- _Available data_
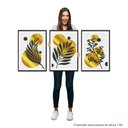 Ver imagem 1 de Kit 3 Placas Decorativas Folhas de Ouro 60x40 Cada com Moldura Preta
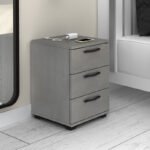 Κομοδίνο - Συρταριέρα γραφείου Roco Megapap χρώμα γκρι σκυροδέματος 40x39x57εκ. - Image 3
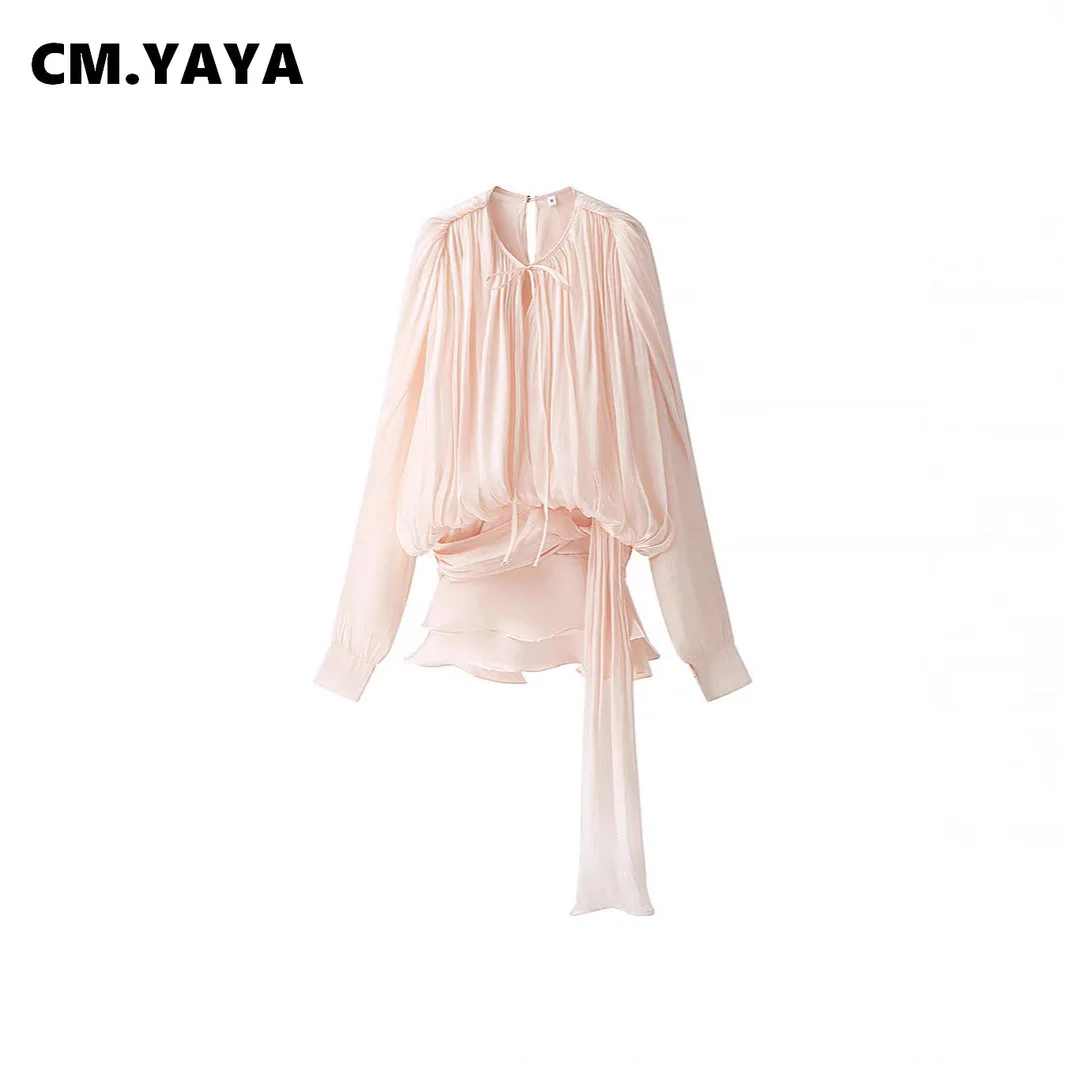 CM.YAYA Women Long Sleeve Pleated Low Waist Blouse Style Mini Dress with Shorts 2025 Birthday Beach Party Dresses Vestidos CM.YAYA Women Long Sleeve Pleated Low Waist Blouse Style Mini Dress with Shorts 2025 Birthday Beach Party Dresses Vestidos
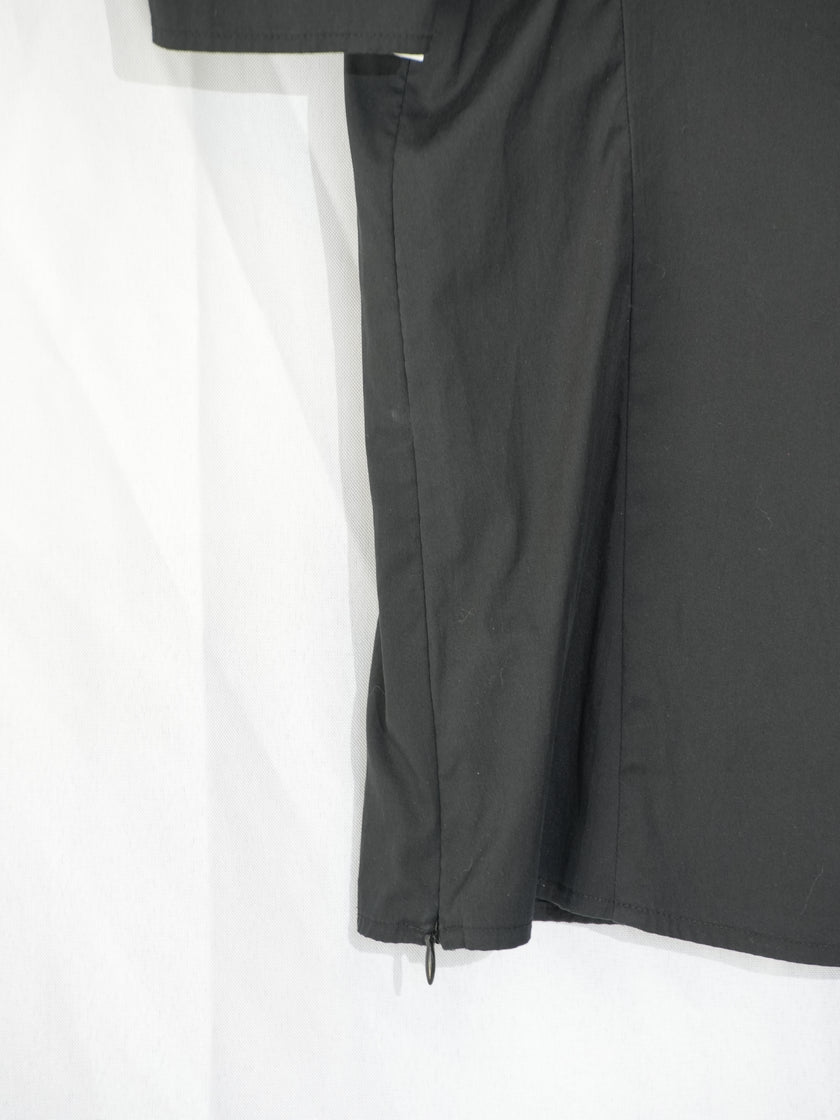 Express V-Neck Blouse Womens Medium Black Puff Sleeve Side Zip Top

--

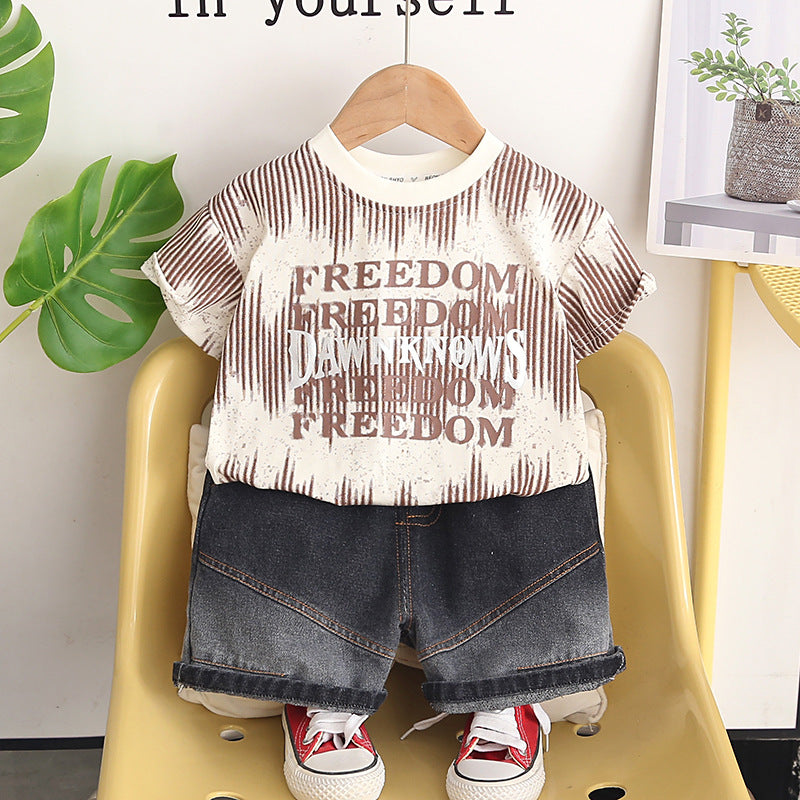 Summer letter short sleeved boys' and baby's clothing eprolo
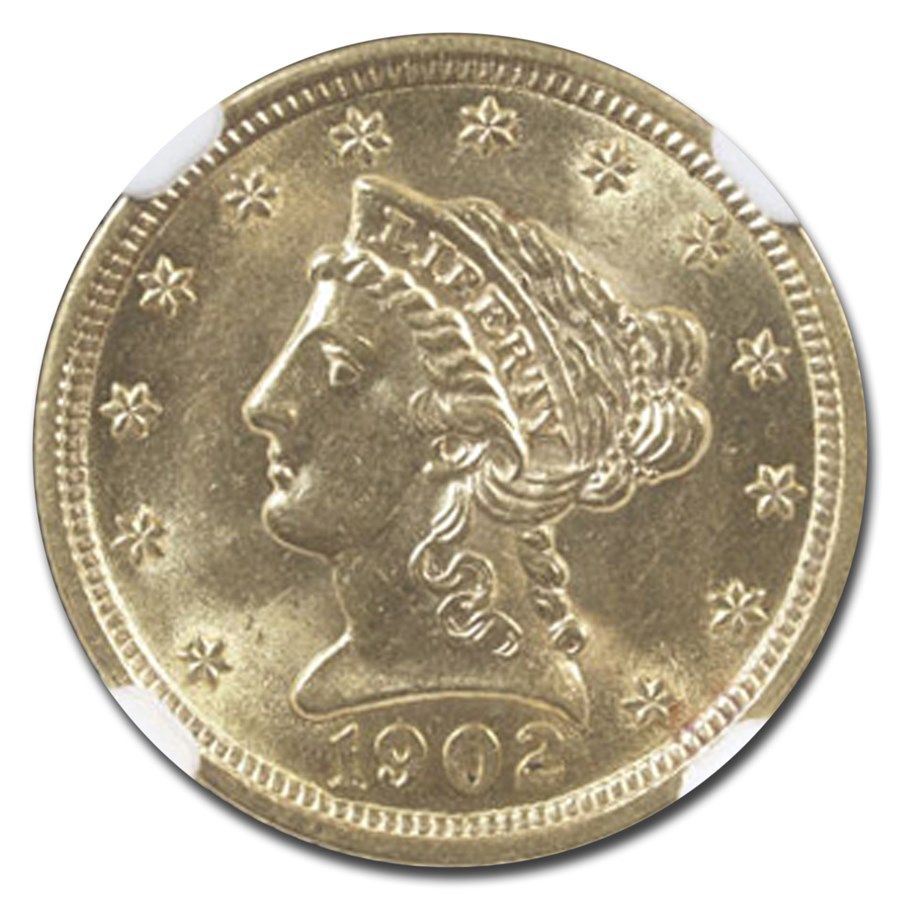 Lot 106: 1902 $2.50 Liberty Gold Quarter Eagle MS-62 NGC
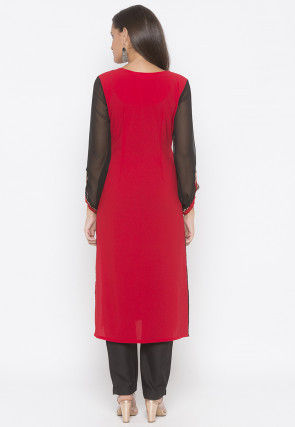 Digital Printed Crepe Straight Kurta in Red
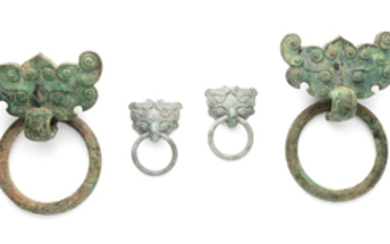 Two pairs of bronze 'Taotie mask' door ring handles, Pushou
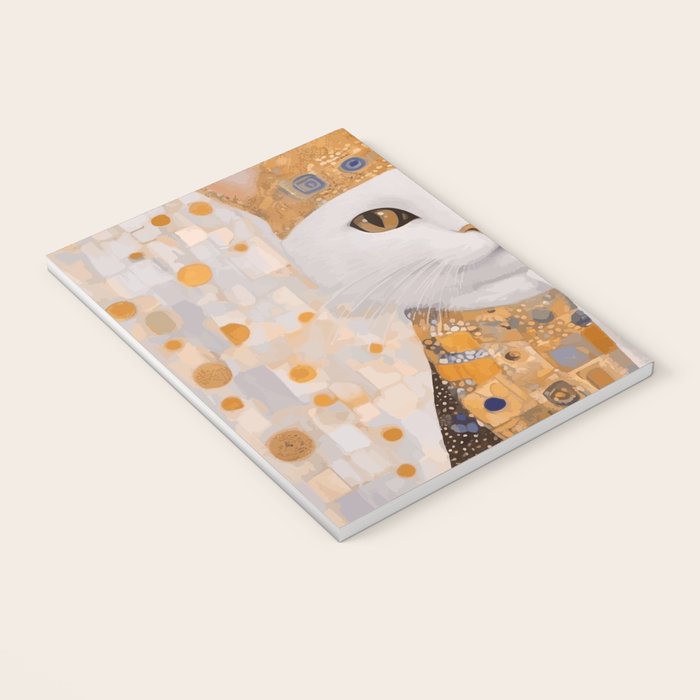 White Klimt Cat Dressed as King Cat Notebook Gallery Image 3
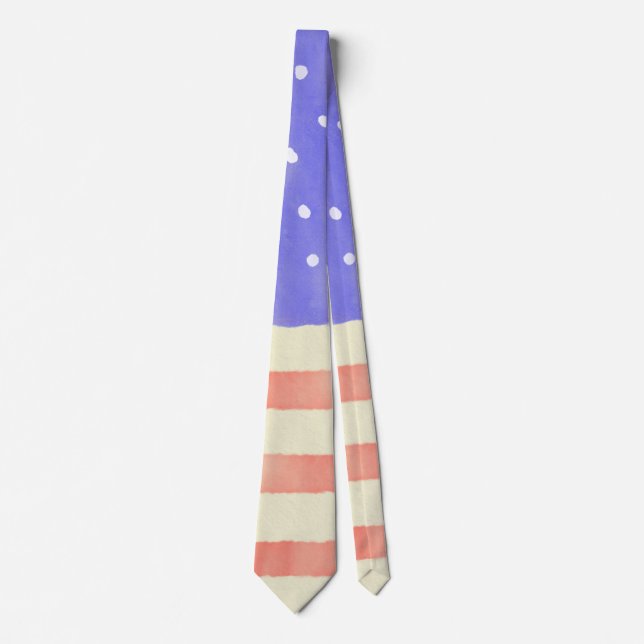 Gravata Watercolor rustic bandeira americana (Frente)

- _Your goal_
In the data above, start at the line holding "Dresses Vestidos CM.YAYA" and stop after the line holding "Express V-Neck Blouse"; write out those lines exactly, without pictures.

- _Answer box_
 CM.YAYA Women Long Sleeve Pleated Low Waist Blouse Style Mini Dress with Shorts 2025 Birthday Beach Party Dresses Vestidos CM.YAYA Women Long Sleeve Pleated Low Waist Blouse Style Mini Dress with Shorts 2025 Birthday Beach Party Dresses Vestidos
 Express V-Neck Blouse Womens Medium Black Puff Sleeve Side Zip Top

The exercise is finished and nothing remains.